In [29]:
import numpy as np
import tensorflow as tf
from tensorflow import keras
from tensorflow.keras.optimizers import Adam
from tensorflow.keras.models import load_model
import gym

In [None]:
class ReplayBuffer():
    def __init__(self, max_size, input_dims):
        self.mem_size = max_size
        self.mem_cntr = 0
        
        #*input_shape = expecting a tuple and will unpack
        self.state_memory = np.zeros((self.mem_size, *input_dims), 
                                     dtype=np.float32)
        self.new_state_memory = np.zeros((self.mem_size, *input_dims), 
                                         dtype=np.float32)
        self.action_memory = np.zeros(self.mem_size, dtype=np.int32)
        self.reward_memory = np.zeros(self.mem_size, dtype=np.float32)
        
        #Done flags from the environemnt,so the agent recieves no future rewards
        #once it encounters the terminal state (0) as the game is over
        self.terminal_memory = np.zeros(self.mem_size, dtype=np.int32)

    #Function to store our tuple in our agents memory
    def store_transition(self, state, action, reward, state_, done):

        #position of first unoccupied memory
        index = self.mem_cntr % self.mem_size
        
        #set index value to what we pass in
        self.state_memory[index] = state
        self.new_state_memory[index] = state_       
        self.action_memory[index] = action
        self.reward_memory[index] = reward
        self.terminal_memory[index] = 1 - int(done)

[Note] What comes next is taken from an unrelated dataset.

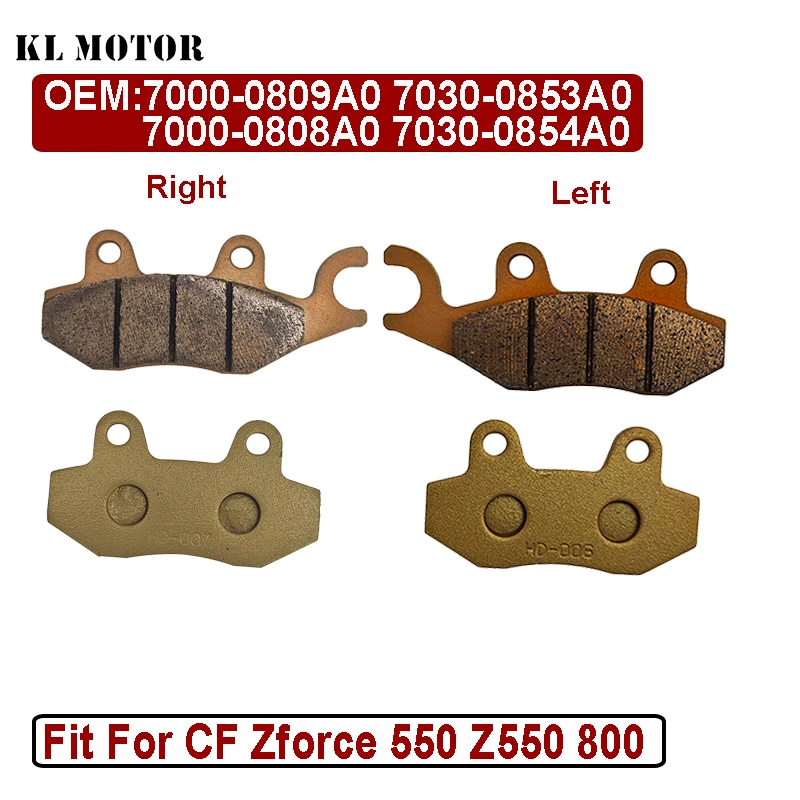 Front Left and Right Brake Pad for CF Zforce 550 Z550 800 Trail Z8 800EX SSV 7000-0809A0 7030-0853A0 7000-0808A0 7030-0854A0
Front Left and Right Brake Pad for CF Zforce 550 Z550 800 Trail Z8 800EX SSV 7000-0809A0 7030-0853A0 7000-0808A0 7030-0854A0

        #increment our memory counter by one
        self.mem_cntr += 1

    #As we have a finite subset of memories, we dont want to initialise zeros,
    #you only want to sample valid data, as we wont learn anything from zeros.
    def sample_buffer(self, batch_size):
        max_mem = min(self.mem_cntr, self.mem_size)
        batch = np.random.choice(max_mem, batch_size, replace=False)
        
        states = self.state_memory[batch]
        states_ = self.new_state_memory[batch]
        actions = self.action_memory[batch]
        rewards = self.reward_memory[batch]
        terminal = self.terminal_memory[batch]        
​
        return states, actions, rewards, states_, terminal

In [None]:
def build_dqn(lr, neurons_layer1, neurons_layer2, neurons_layer3, n_actions, input_dims):
    model = keras.Sequential([
            keras.layers.Dense(fc1_dims, activation='relu'),
            keras.layers.Dense(fc2_dims, activation='relu'),
            keras.layers.Dense(n_actions, activation=None)])
    
    model.compile(optimizer=Adam(learning_rate=lr), loss='mean_squared_error')
    
    return model

In [36]:
# Agent class: 

# Where the bulk of the functionality lives:
## The agent class has a DQN, memory, functionality for choosing actions, storing memories and learning

In [None]:
class Agent():
    def __init__(self, lr, gamma, n_actions, epsilon, batch_size, 
                  input_dims, epsilon_dec=0.9, epsilon_end=0.01, 
                  mem_size=10000, replace_target=100, fname='rl_control_model.h5'):

    #Dont train both networks
    #Only train the target network that you use to choose actions, 
    #replace the weights of the target network every 100 episodes.
        
        self.action_space = [i for i in range(n_actions)]
        self.gamma = gamma
        self.epsilon = epsilon
        self.epsilon_dec = epsilon_dec
        self.epsilon_min = epsilon_end
        self.batch_size = batch_size
        self.replace_target = replace_target
        self.model_file = fname
        self.memory = ReplayBuffer(mem_size, input_dims)
        self.q_eval = build_dqn(lr, 8, 8, 8, n_actions, input_dims)
        self.q_targ = build_dqn(lr, 8, 8, 8 n_actions, input_dims)


    #Stores the the ​state-action-reward
    def store_transition(self, state, action, reward, state_, done):
        self.memory.store_transition(state, action, reward, state_, done)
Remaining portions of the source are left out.